文枝は「弟子の桂三金が、11月9日朝、自宅で倒れ、意識不明となり緊急入院致しましたが、その日の夜9時36分、あっけなく旅立ってしまいました」と報告。落語にたとえて「突然マクラもなしに本題に入り、これからどうなるのかと思う半ばで突然オチをつけて終わった感じでございます」とし、今後の活躍が期待される最中での旅立ちに「まだまだこれからなのに悔しくて悔しくてなりません。中途半端な終わり方をするなよ! と怒ってやりたい思いです」とも吐露した。

三金さんは、体重120キロを超える体が特徴的で、師匠の文枝と同じく関西大学の落研(落語研究会)の出身。金融関係の仕事を経て、94年に弟子入りした。大学の後輩でもあり、文枝の回りでよく世話をする姿がみかけられ、一門のムードメーカーで、まとめ役のような存在でもあった。

大阪・天満天神繁昌亭で開かれていた8日の「落語家25周年ウイーク」に出演しており、その後、文枝のもとへ「師匠に教わった『大・大阪辞典』ウケました」と、電話をしてきていたという。

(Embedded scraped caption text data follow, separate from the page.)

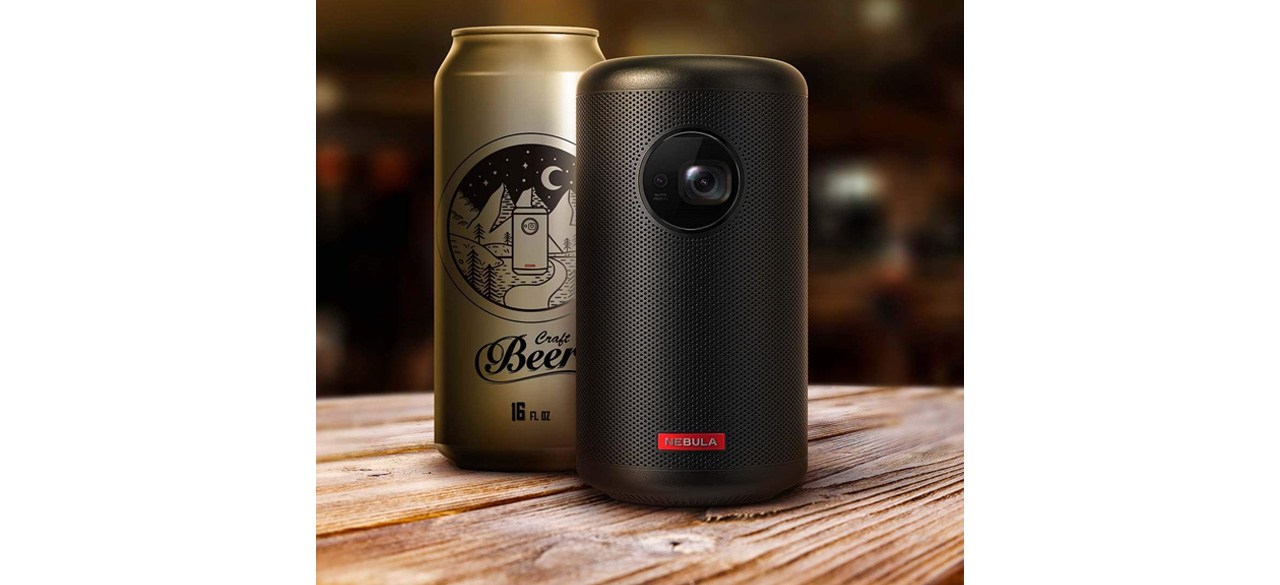 NEBULA by Anker Capsule II Smart Portable Projector next to beer can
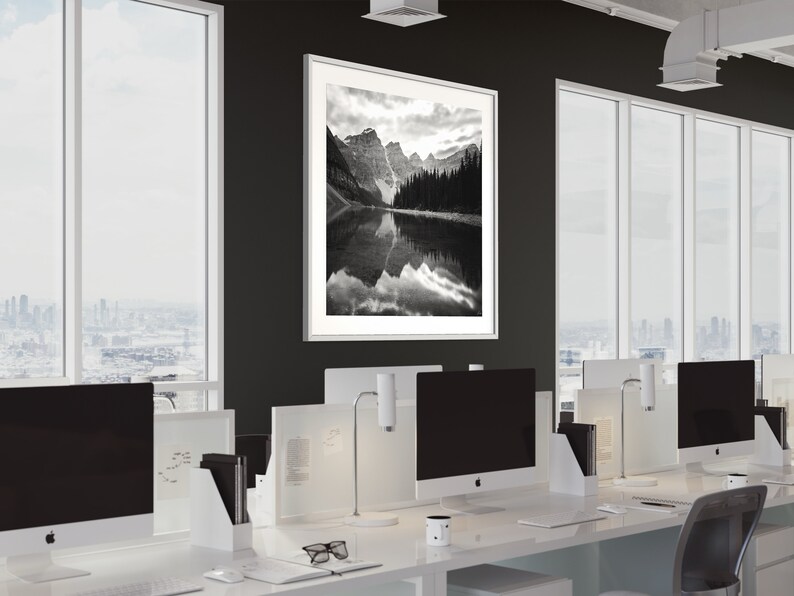 May include: A black and white photograph of a mountain lake with a reflection of the mountains in the water. The photograph is framed in a white frame and is hanging on a black wall in an office setting.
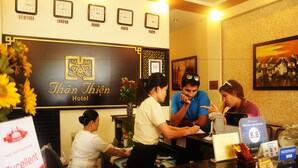 A hotel reception desk with clocks indicating different cities, a framed picture on the wall, and a sign for the 2015 Award. - Than Thien Friendly Hotel (Hue)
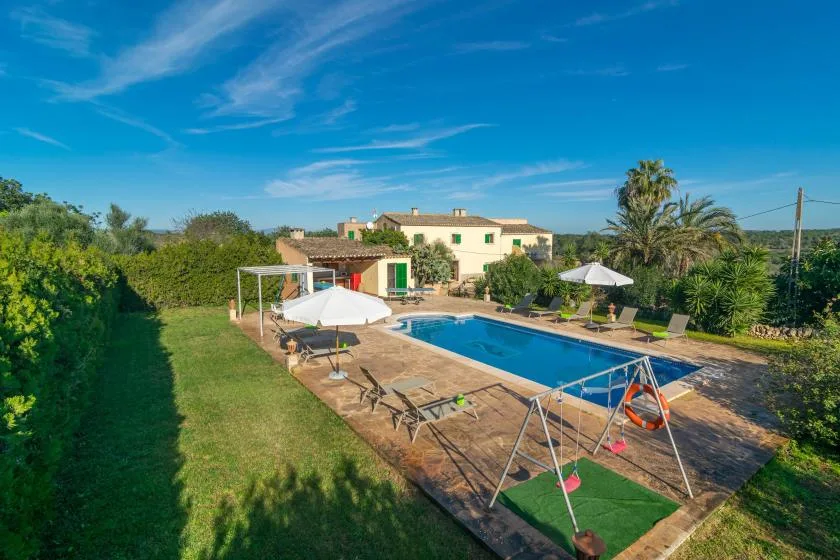 An outdoor swimming pool beside a house, with loungers and garden greenery.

師匠と同じく創作落語を主戦としていた。

文枝は「(三金さん)自作の『長名の力士』もおもしろく、数年前に嫁さんももらい、まさにこれからという時だったのに、たった1日で目の前から消えてしまったことが信じられません。彼は弟子というより、弟みたいな存在でした。こんなことがあるのかと、まだ信じられないでいるのが、正直今の心境です」と、現実を受け入れられない衝撃度を明かした。

三金さんは、文枝の9番弟子。00年にはNHK新人演芸大賞の優秀新人賞を受賞。世代交代の進む上方落語界にあって、次世代を担う個性派はなし家として期待されていた。

通夜は12日午後7時から、告別式は13日午前11時から、ともに大阪市北区長柄西1-6-14「大阪北玉泉院」で行われる。喪主は故人の妻、奥野雅子さん。